Threading My Labyrinth
By Elaine Reichek
Published for the exhibition Frances Trombly: Paintings
Girls’ Club, Fort Lauderdale, FL, United States
When I first began working with embroidery I actually didn’t see myself as working with embroidery—I’d trained as a painter, and I thought it might be interesting to use thread as another way to make a line. I liked the idea that a line could exist independently from its support, whether canvas or paper, and that a needle and thread could penetrate the support and loop behind it, instead of just lying on top of it like a brushstroke or a pencil mark. The first works I made using thread were shown in the 1970s.

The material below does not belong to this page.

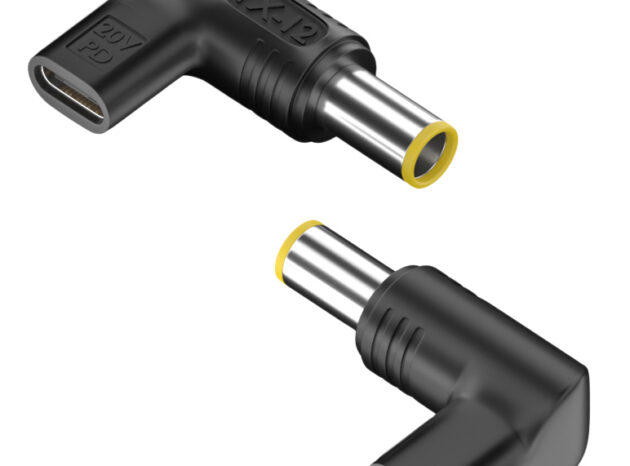 POWERTECH αντάπτορας τροφοδοσίας laptop YX-12, USB-C σε Lenovo/IBM 7.9x5.5mm, μαύρος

When I looked at what I’d done, I realized that I was embroidering, and I thought that was just great, but what could I do with it? Thread was not a considered a “real” art material. But then I decided that was an opportunity—the possibility of exploring alternate histories in an alternative medium seemed like a completely interesting trajectory. I’m really a conceptual artist, I’ve never thought of my work as being just about embroidery, and now that there are many other artists using thread I am hoping that all our work can be seen as something more than the way we have chosen to produce it.
That said, embroidery has a fascinating history that certainly rivals painting’s for longevity and value. The gender politics and historical connotations associated with embroidery I find absorbing and important, and I’m fascinated by its connection with the digital: it’s been called the hypertext of the Silk Route, and the Jacquard loom, a weaving and pattern-making loom invented at the beginning of the nineteenth century, provided the binary system that Charles Babbage adopted for his Analytical Engine, the first prototype for the computer.

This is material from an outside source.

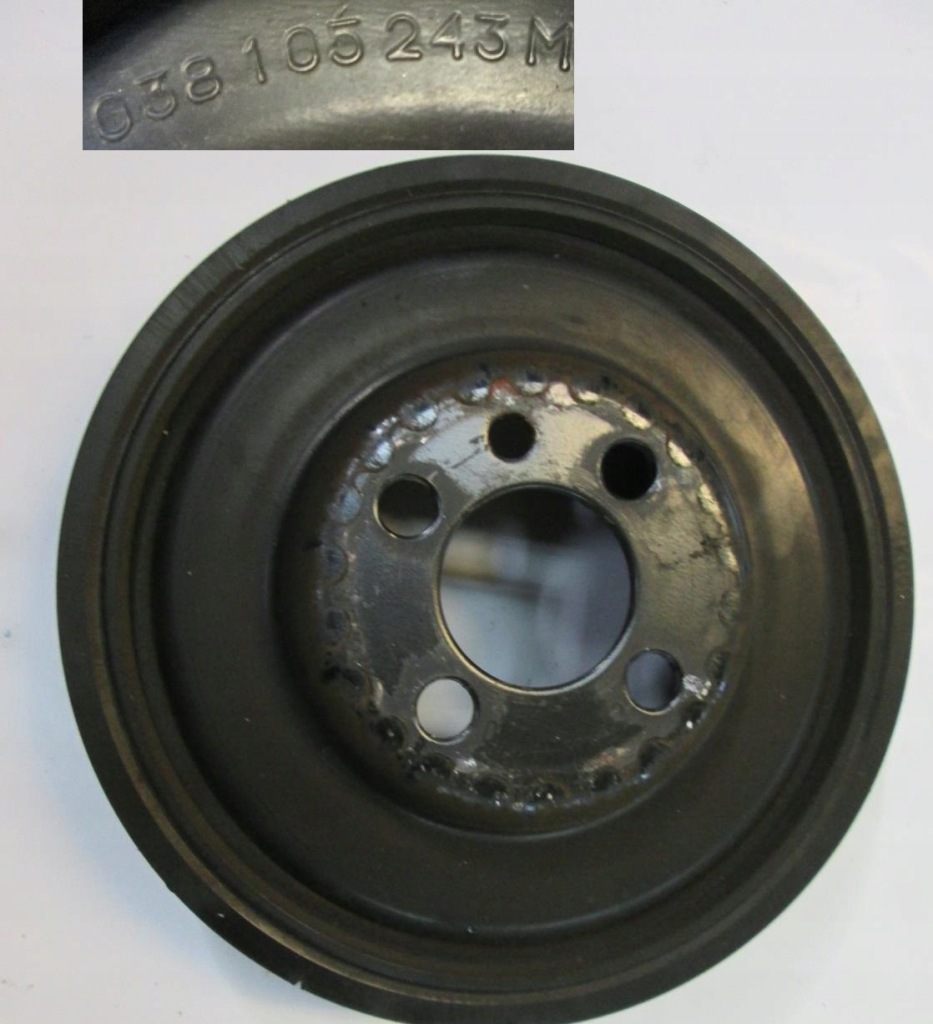 Купить Vw passat b7 cc 2.0 tdi cffb cff шкив коленчатого вала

The body of work I’m making now, Adriadne’s Thread, uses thread as a primary metaphor. As a contemporary artist, I’m somewhat surprised to have repeatedly found my work returning to Greek legend and myth. I’ve dealt with figures from these stories a number of times: Penelope, Arachne, Philomela, the Fates. The story of Ariadne is often told first as the story of Theseus, the hero who killed the Minotaur, the monster—half bull, half man—of the Cretan labyrinth. That feat would have been impossible without Ariadne, who gave Theseus the clue that allowed him, having found his way into the labyrinth, to then find his way out. Her reward: Theseus eloped with her only to desert her, abandoning her on the island of Naxos. Actually he sailed away while she was asleep. The god Dionysus (whom the Romans called Bacchus), however, picked this moment of despair to propose to her, and as Dionysus’s wife, the wife of a god, she became immortal, her crown becoming one of the constellations in the night sky, where it stands to this day.
The story has many turning meanings, and over the centuries has fascinated numerous artists and writers, from Titian to Warhol, from Ovid to Eliot and Borges. For me, an artist who embroiders, it is powerful and symbolic as the story of a thread—for the key, the clue or clew, that Ariadne gives Theseus is in fact a thread, which he lays down to guide himself through the labyrinth. The labyrinth itself, of course, is an enduring symbol, around the world and across the millennia—one of those images that is invested with significance in the unconscious. The Minotaur, as a fusion of animal and man, has been seen as a sign for the struggle to understand what it is to be human. And the story is one of emotional risk, in which both the punishments and the prizes that risk entails are fully realized. In loving Theseus, and helping him and running away with him, Ariadne cuts herself off from her previous life. She gives up everything, and loses—but then she triumphs, trading in a king for a god, the Apollonian for the Dionysian.
I am exploring this story through a series of embroideries, making some by hand, some by digital sewing machine, and one, for the first time in my work, by designing and commissioning a tapestry. That work, on the scale of a history painting and in fact based on a Titian, was woven with computerized technology in a Belgian mill. The series as a whole, then, appropriately for the story of Ariadne, is a kind of minicompendium of the possibilities of thread, and of the possibilities that the medium of embroidery can offer an artist interested in expanding the canon of art. What seemed in the 1970s like a simple gesture, substituting needle and thread for the traditional paintbrush or pencil, has opened onto a world.